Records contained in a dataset
====================

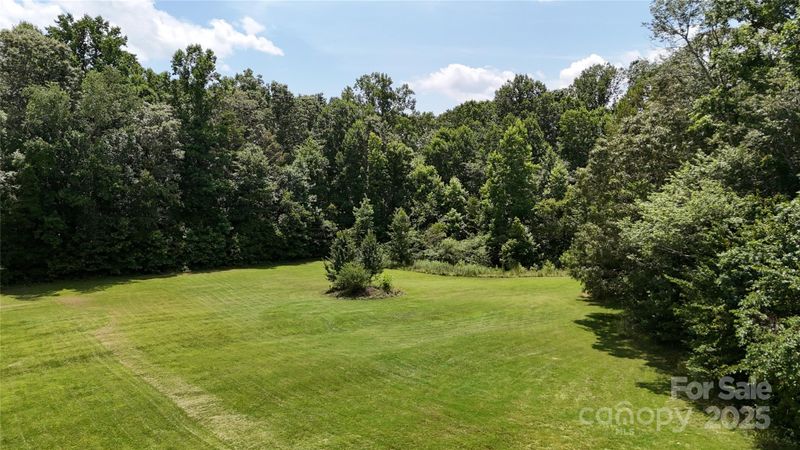 139 Cricket Creek Dr, Cherryville, NC 28021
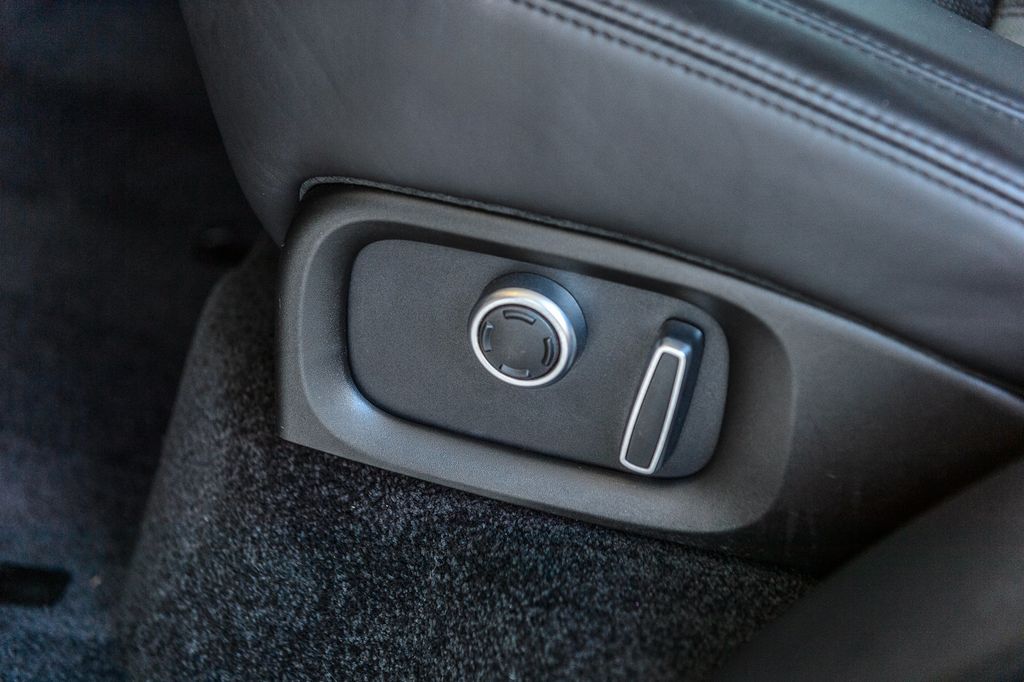 2016 Land Rover Range Rover SuperCharged Base photo 47
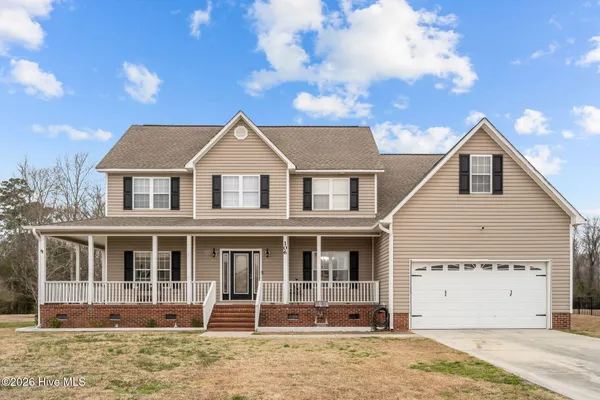 $465,000 | 106 Lafitte Drive, Hubert, NC 28539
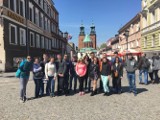 Zagraniczni studenci WSZiA w Opolu poznają polską historię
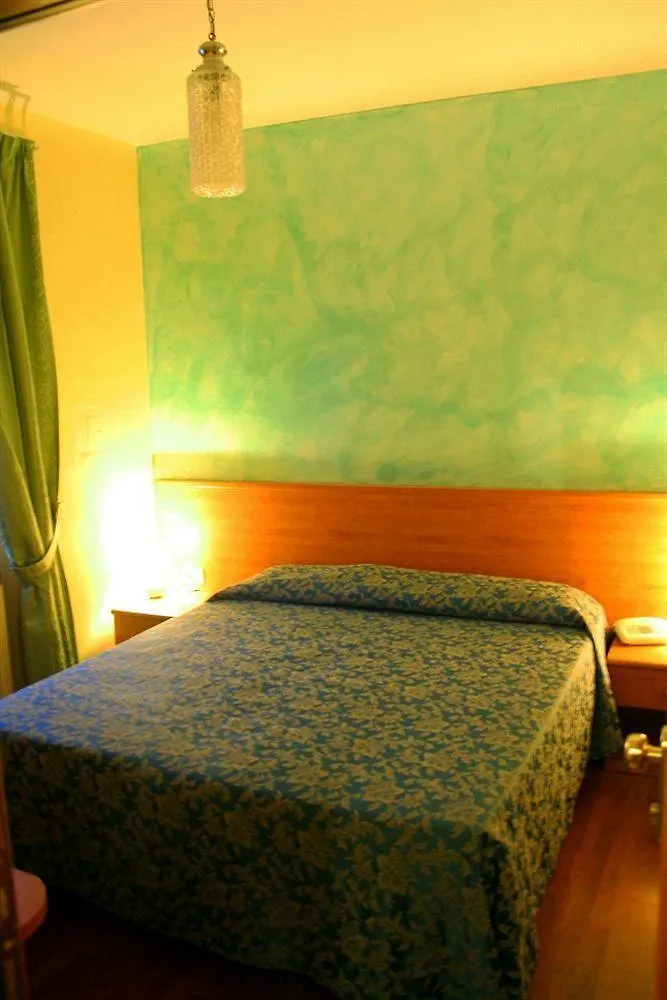 Hotel Romagna Florence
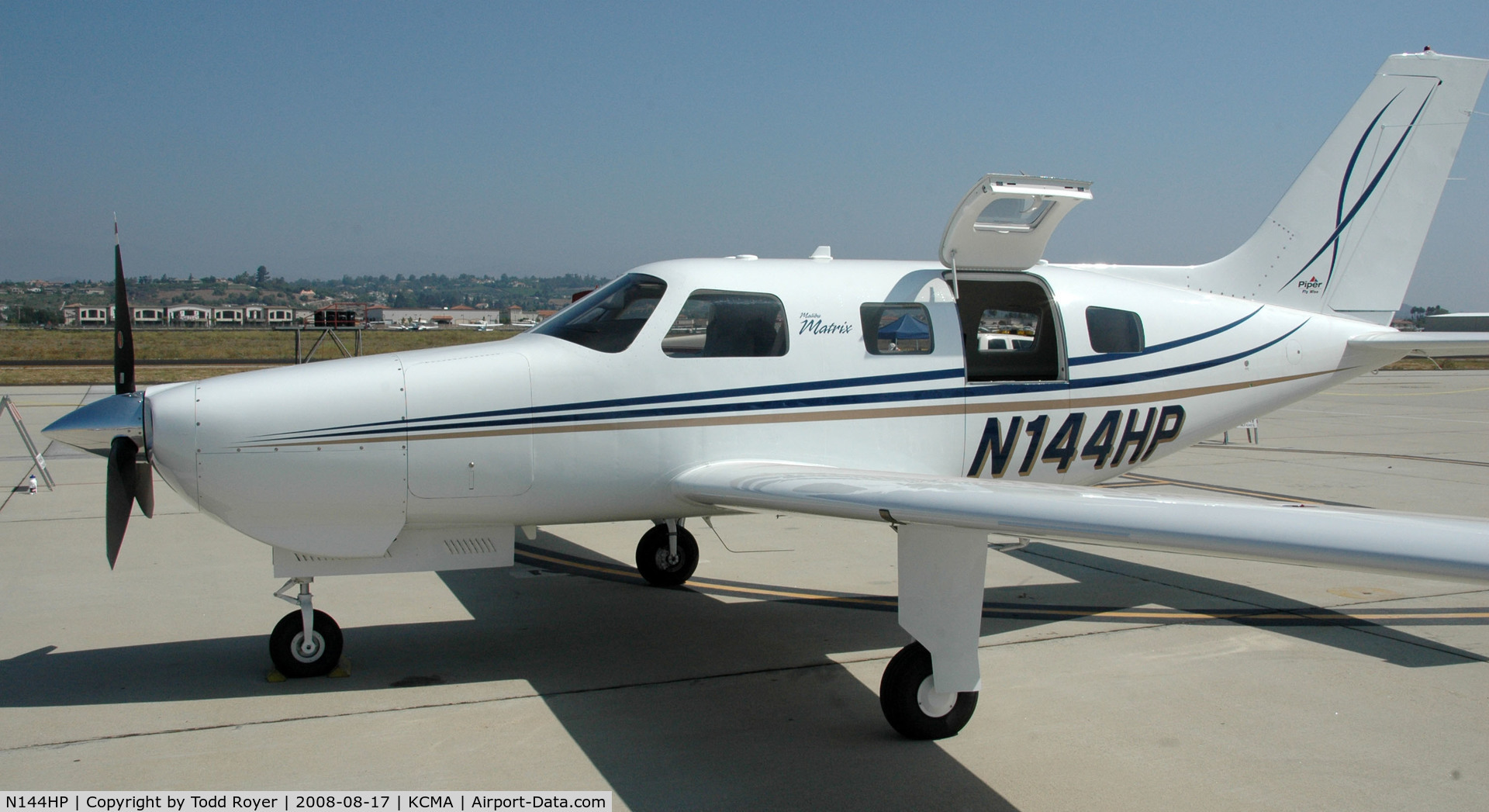 N144HP, 2008 Piper PA-46R-350T Malibu Matrix C/N 4692044, Camarillo Airshow 2008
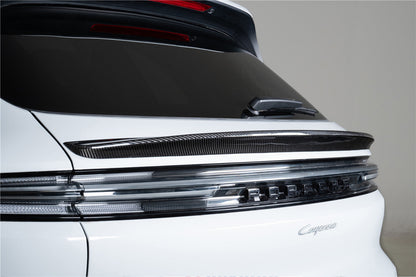 Carbonado 2018-2025 Porsche 9Y0 9YA Cayenne S    GTS    E-Hybrid TKT Style Carbon Fiber Trunk Spoiler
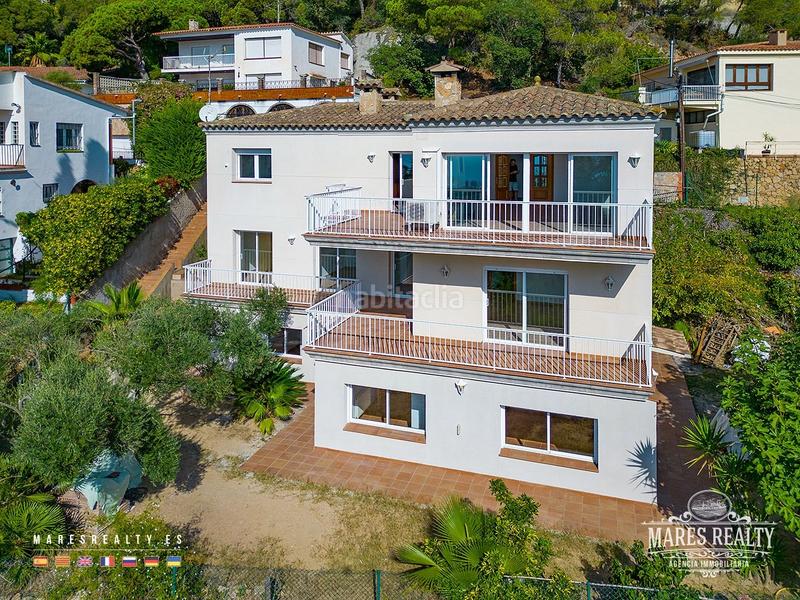 Foto 568897e8-9f6e-47e8-ac9f-415613e19d69. Casa gran casa en Roca Grossa con terreno en Roca Grossa Lloret de Mar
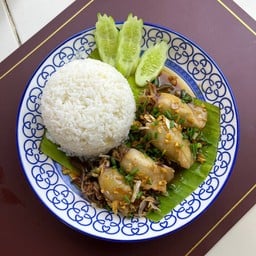 ข้าวหมึกยัดไส้กระเทียม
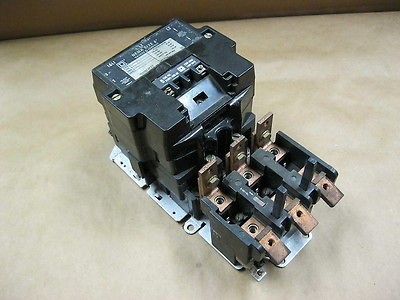 SQUARE D Size 4 Motor Starter 3 pole 8536 SFO 1 USED 8536SFO1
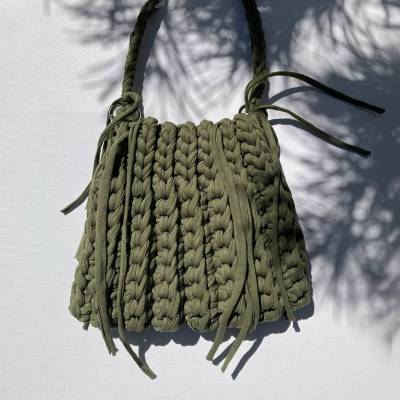 Crossbody Tasche in Oliv Grün – Gehäkelte Umhängetasche mit Fransen I Festivaltasche Boho Chic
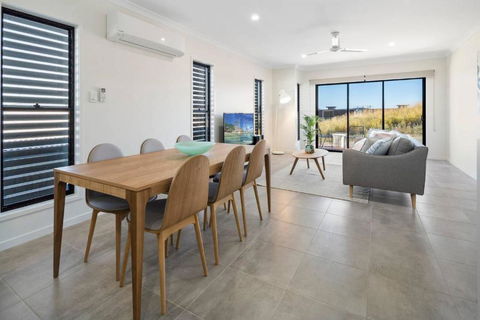 DAYDREAMING Airlie Beach Water Views & Only 200m To Boardwalk. - Accommodation VIC 5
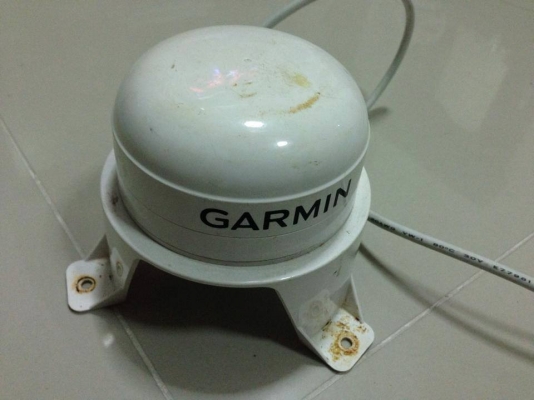 ขายGarmin 585 มือสองสภาพสวย อุปกรณืครบ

====================

Retype only the lines above from the one with "N144HP, 2008 Piper" through the one with "Foto 568897e8-9f6e-47e8-ac9f-415613e19d69. Casa", exactly and with both ends. Images stay out.

* The completed task *
 N144HP, 2008 Piper PA-46R-350T Malibu Matrix C/N 4692044, Camarillo Airshow 2008
 Carbonado 2018-2025 Porsche 9Y0 9YA Cayenne S    GTS    E-Hybrid TKT Style Carbon Fiber Trunk Spoiler
 Foto 568897e8-9f6e-47e8-ac9f-415613e19d69. Casa gran casa en Roca Grossa con terreno en Roca Grossa Lloret de Mar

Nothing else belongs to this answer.